Re: "Supportive" Lessons
Posted: Fri Jul 18, 2025 10:33 am
by ryant
ryant wrote: Fri Jul 18, 2025 8:06 am
Hey Folks,
Anyone ever feel like having a lesson where you're just told what you're doing well?
rt
I'm trying to read and re-read my question. I want to ensure that I asked it correctly. The responses indicate that I did not. Maybe this is a better version that makes my curiosity more clear:
Have you ever wanted a lesson where a teacher focuses only on what you're doing well?
Not like a whole new philosophy or anything, just a single lesson, to hear what’s going well.
Re: "Supportive" Lessons
Posted: Fri Jul 18, 2025 10:59 am
by ghmerrill
tbdana wrote: Fri Jul 18, 2025 10:25 am
I get very little help from being told how wonderful I sound.
I tend to be highly skeptical of being told how good I sound -- and the more intense the complement, the more skeptical. Last night the 1st tbn in the section said to me "That sound is AWSOME!" I do appreciate the compliment, but suspect that the sound is closer to "adequate" or maybe even "good".
There seems to be an assumption in this thread that a teacher is either all happy talk or all asshole.
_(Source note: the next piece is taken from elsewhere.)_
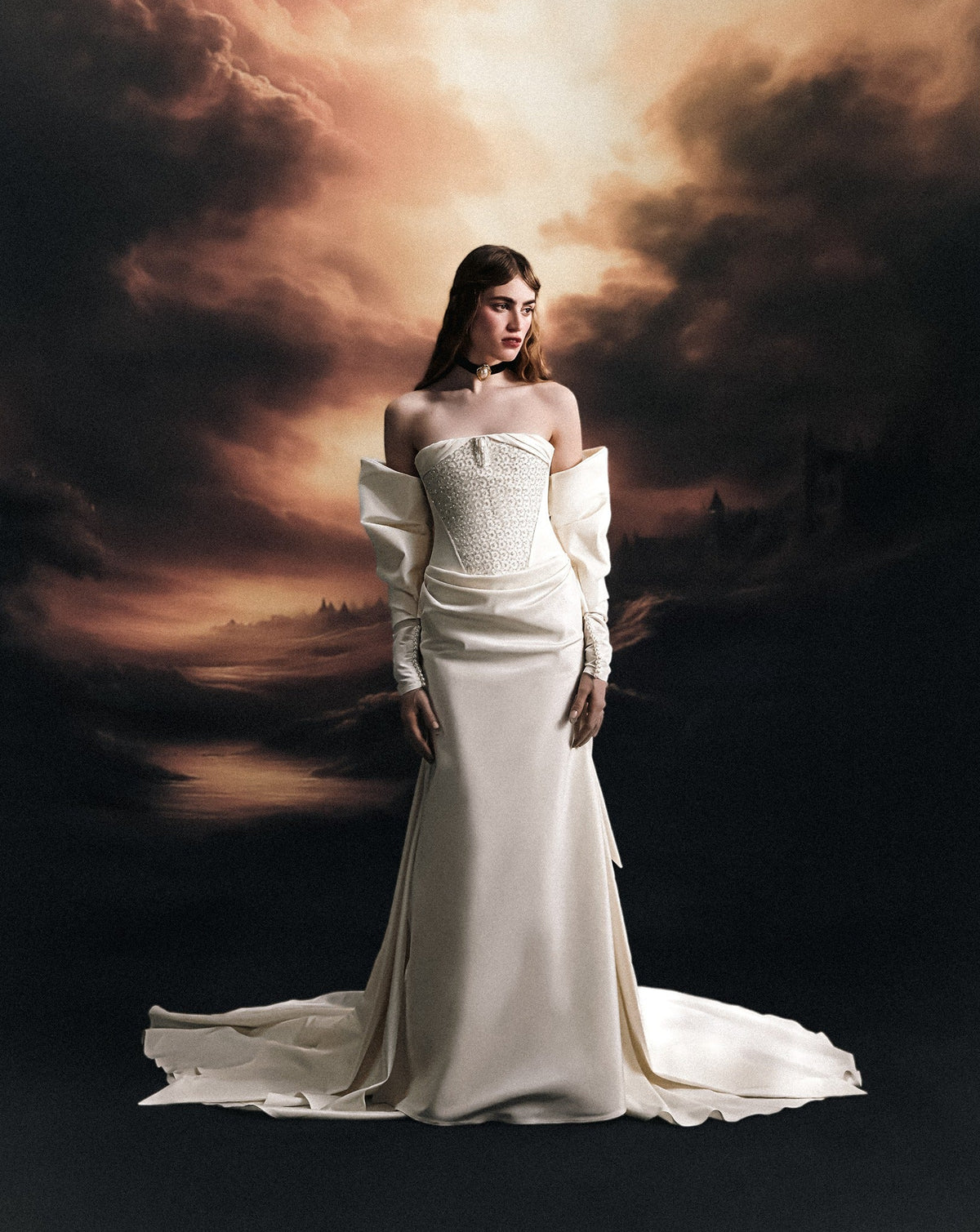 Étoile Sauvage - LOOK V -Roman de la Rose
I prefer someone a bit more complex.
Also, "critical" is not equal to "asshole", and should not be taken to be equal to "harmful". Going in either of those directions involves making some assumptions about the teacher that may be very far from the truth -- and more about you than about him or her.
Re: "Supportive" Lessons
Posted: Fri Jul 18, 2025 10:59 am
by tbdana
I can't think of why I would. I don't need help with the things I already do well. I need help with the stuff I suck at.
Besides, you couldn't fit all the stuff I'm great at into one lesson.

Re: "Supportive" Lessons
Posted: Fri Jul 18, 2025 11:08 am
by hyperbolica
If i have to pay someone for lessons, I'd rather pay for an expert who is a little rough around the edges socially than a baby sitter who can play trombone. If I also need a psych evaluation, I go to a different expert (who probably doesn't know how to play trombone). Can you be good at both? (a great trombone teacher and psychologist). Maybe, but statistically improbable.
Re: "Supportive" Lessons
Posted: Fri Jul 18, 2025 11:33 am
by tbdana
ghmerrill wrote: Fri Jul 18, 2025 10:59 am
tbdana wrote: Fri Jul 18, 2025 10:25 am
I get very little help from being told how wonderful I sound.
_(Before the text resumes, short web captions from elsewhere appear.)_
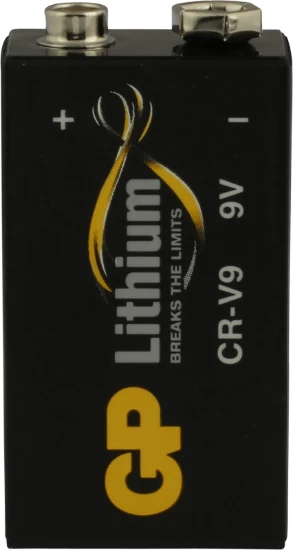 GP 9V Lithium batterij 1,5V (1 stuk)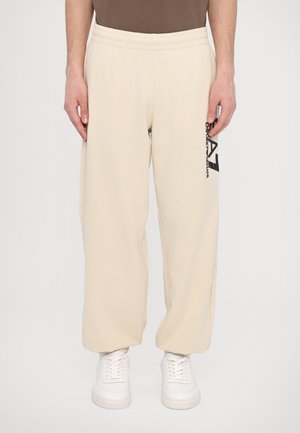 Trainingsbroek - beige/black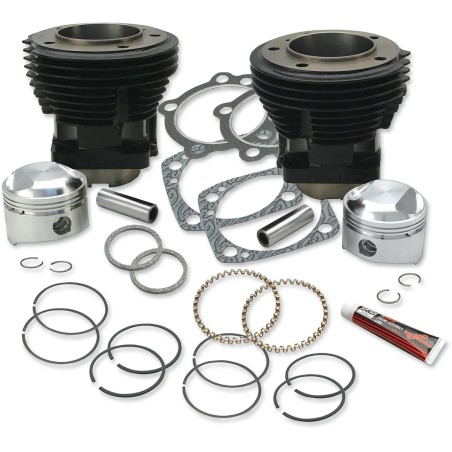 Stock Bore 80  Cylinder and Standard Compression Piston Kit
I tend to be highly skeptical of being told how good I sound -- and the more intense the complement, the more skeptical. Last night the 1st tbn in the section said to me "That sound is AWSOME!" I do appreciate the compliment, but suspect that the sound is closer to "adequate" or maybe even "good".
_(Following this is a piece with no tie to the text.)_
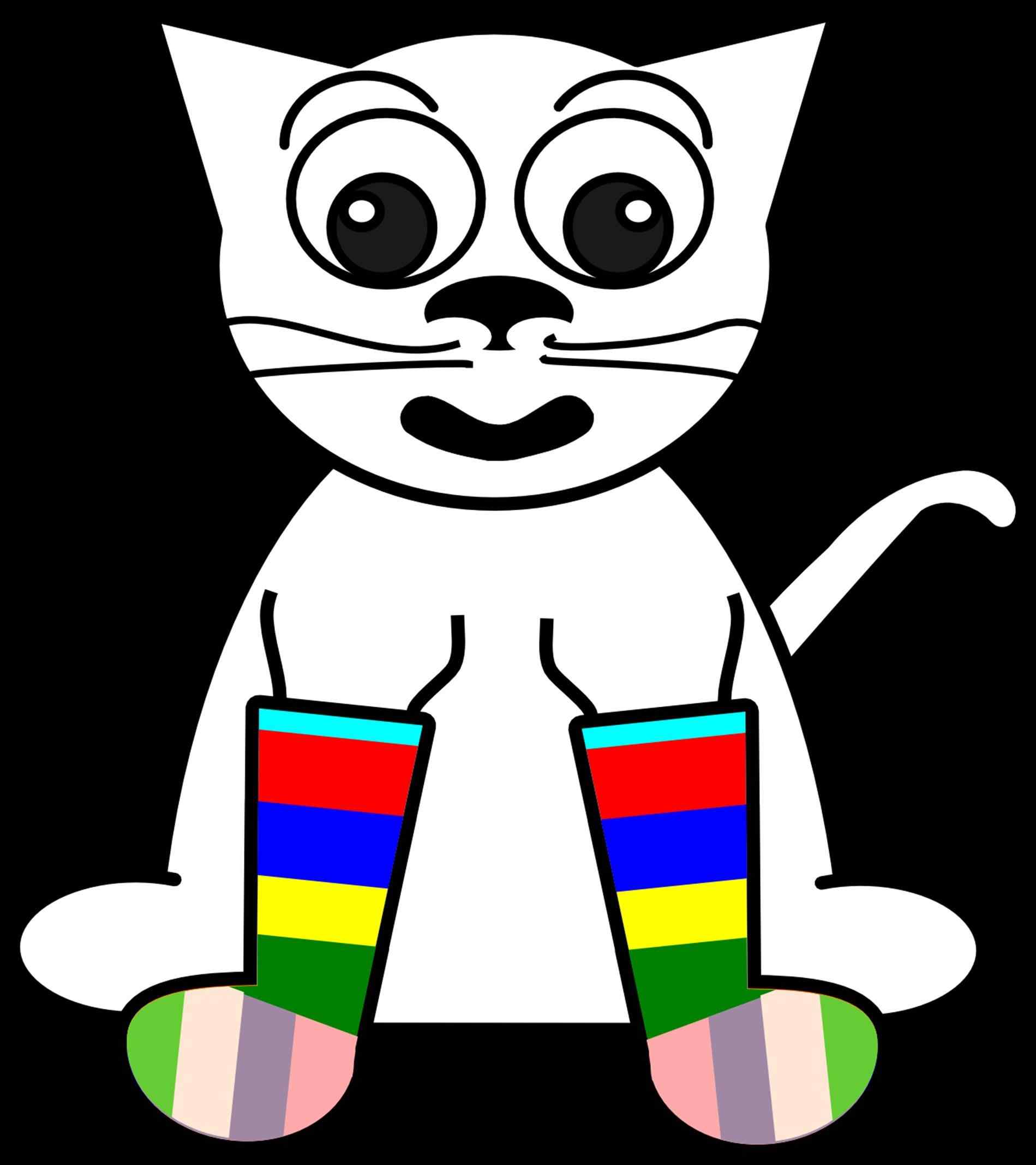 1899x2135 White Socks Clip Art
You sound just like me. I constantly fight a tendency to discount compliments, and I'm always harder on myself than others are, at least to my face.
ghmerrill wrote: Fri Jul 18, 2025 10:59 am
tbdana wrote: Fri Jul 18, 2025 10:25 amThere seems to be an assumption in this thread that a teacher is either all happy talk or all asshole. I prefer someone a bit more complex.
Also, "critical" is not equal to "asshole", and should not be taken to be equal to "harmful". Going in either of those directions involves making some assumptions about the teacher that may be very far from the truth -- and more about you than about him or her.
I used the word asshole only because someone before me did. I agree that critical, even harshly critical, doesn't necessarily translate to asshole, and I also agree that such judgments often say more about the speaker than the target.
Maybe someday I can hang with you. I agree with almost everything you post, so it would be good to hang and figure out why you have such poor judgment.

Re: "Supportive" Lessons
Posted: Fri Jul 18, 2025 11:45 am
by BGuttman
I'm not taking lessons to hear how good I am, although if I get a compliment on one aspect of my playing that's nice. I'm taking lessons to improve and concentrating on the things I'm not doing well is why we are sitting in that room.
From the teacher's perspective it must be nice to be able to follow up a student's lesson only with suggestions on interpretation rather than technical flaws. Problem is, most students still have technical flaws that need to be corrected.
Re: "Supportive" Lessons
Posted: Fri Jul 18, 2025 12:10 pm
by mrdeacon
ryant wrote: Fri Jul 18, 2025 10:33 am
ryant wrote: Fri Jul 18, 2025 8:06 am
Hey Folks,
Anyone ever feel like having a lesson where you're just told what you're doing well?
rt
I'm trying to read and re-read my question. I want to ensure that I asked it correctly. The responses indicate that I did not. Maybe this is a better version that makes my curiosity more clear:
Have you ever wanted a lesson where a teacher focuses only on what you're doing well?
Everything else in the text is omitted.